UPCOMING EVENTS:

Online Course with POCOSIN ARTS

Brush-On Mold Making for Experimental Casting

As a material, wax can be manipulated in a variety of ways to produce castable models for one-of-a-kind or production jewelry. In this online course, students will learn about brush-on mold making techniques and materials that can be used as a starting point for creating original models. Students will be introduced to brush-on rubber molds, mother molds, and encouraged to explore texture, surface, and form, through prompts for engaging in their own studio-based experimentation and play.

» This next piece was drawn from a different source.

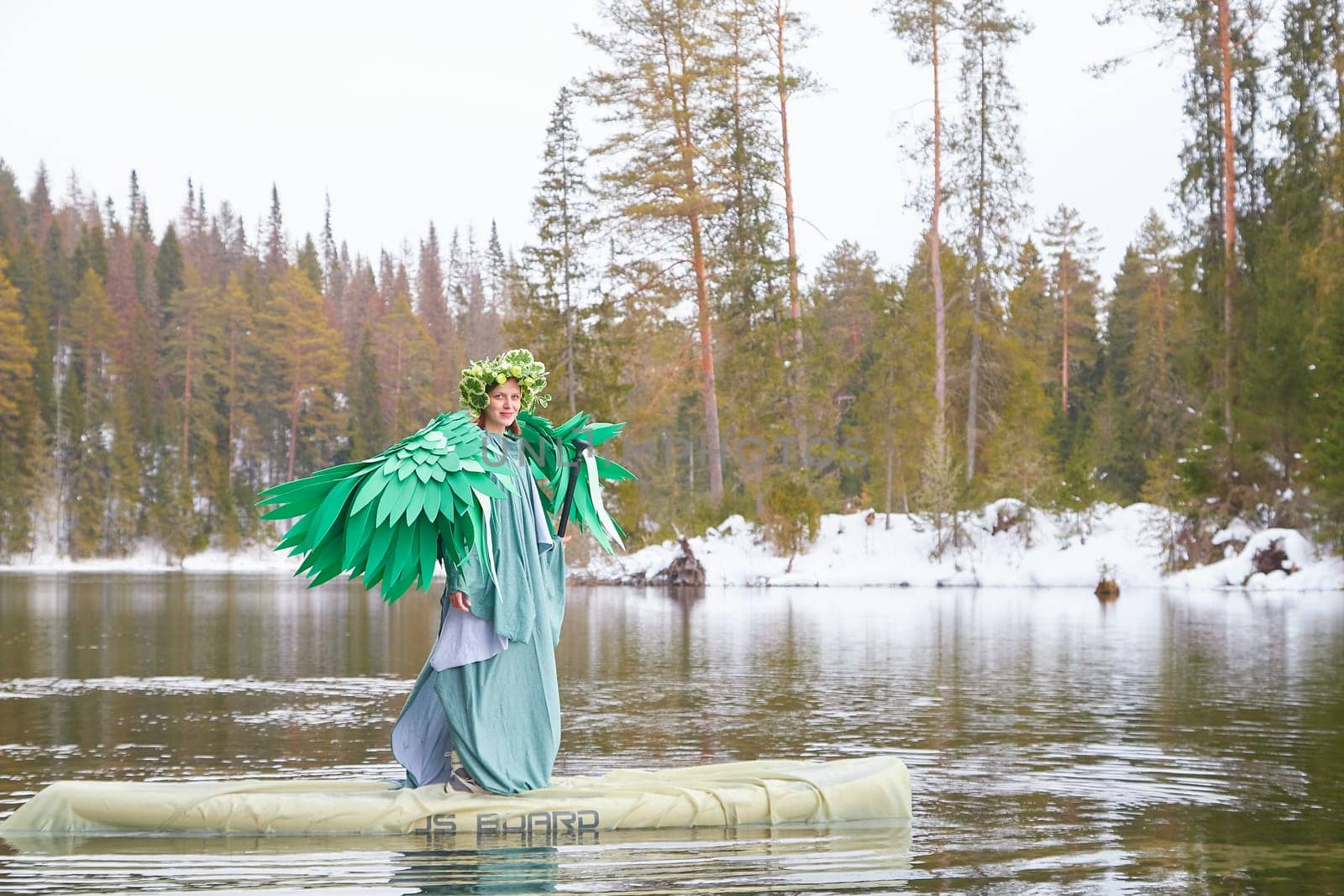 A girl dressed in a flowing green outfit stands on a floating platform on a serene lake, embodying the spirit of spring and nature's beauty.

Online Class Dates: November 6 & 13, 2023 | 11am - 1pm

Information & Course Registration: https://pocosinarts.org/product/brush-on-mold-making-for-experimental-casting/


CURRENT EVENTS:

KORU8

Exhibition Dates: The KORU8 exhibition will be on display in two different museums in Finland in 2024 - 2025

May 17 - December 1, 2024 at The Finnish Forest Museum Lusto in Punkaharju, Finland

Winter 2025 at The Oulu Art Museum in Oulu, Finland

“KORU8 invites artists to think about forests. Forests play a crucial role in climate change and the sixth mass extinction. Globally forests cover almost one-third of the land, and their cultural and social meaning varies between cultures and context. Forests are multispecies, and home to human and non-human animals. They are also meaningful places for relaxing, camping and foraging both in urban and rural environments.

What is a forest in the context of contemporary jewellery? Is it a material, colors or textures, feelings, words, experiences? How forests relate to you and your culture?

In Finland forest is an important part of national narratives and can act as a symbol of timelessness and immemorial, for instance. The theme of the KORU8 Exhibition is discussed with the KORU8 Exhibition venue, Lusto – The Finnish Forest Museum. As Lusto is a specialist in forest culture, it offers a cohesive surrounding for the forest-themed artwork and also a space for questions of forest use and protection.”

Jurors: Kalkidan Hoex, Reeta Karhunkorva, Terhi Tolvanen, & Selina Väliheikki

More Information: https://www.koru8.fi/


PAST EVENTS:

Desire Paths

“Desire Paths”, a new, landscape focused exhibition, featuring polaroid photographs and paintings by Rhode Island artists Andrea Cacase and Kevin Calisto, will be open July through September at Kendall Reiss Gallery & Studio in Bristol, R.I.

Opening Reception: Thursday, July 25, 2024, 5:00PM - 9:00PM

On View: July 20 – September 15, 2024

Exhibition Location: Kendall Reiss Gallery & Studio, 469 Wood Street, Bristol, RI 02809

Exhibition Statement:

Desire paths are created through interaction. They are indicative of an unmarked trail, one that is created by humans or animals. A furrowed footpath worn lovingly into the earth. Desire paths are clearly visible in the landscape, often emerging as a shortcut across a park, meadow, or urban space. They are deliberate, intentional, and recognizable.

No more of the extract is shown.